# The task
Give the data again exactly as it appears, excluding any pictures.

# Given data
══════

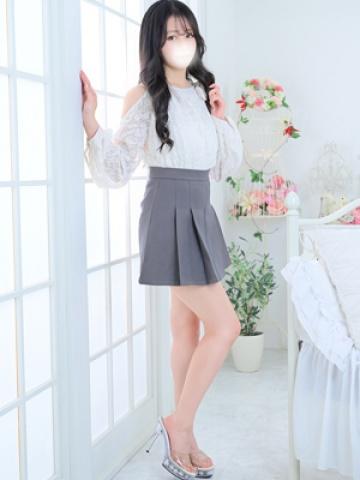 Iori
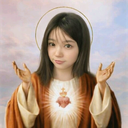 avatar #pray4moka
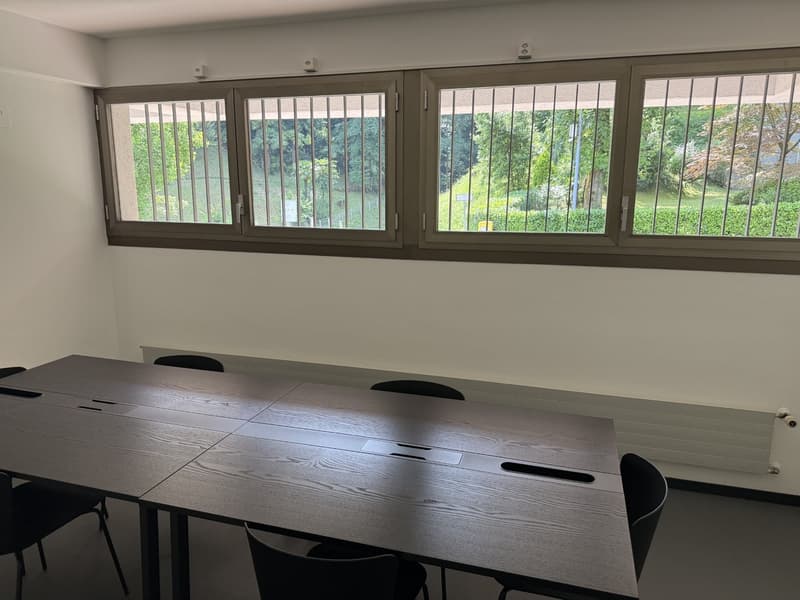 Office for rent in Pazzallo (3)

══════

# Reply to the exercise
 Iori
 avatar #pray4moka
 Office for rent in Pazzallo (3)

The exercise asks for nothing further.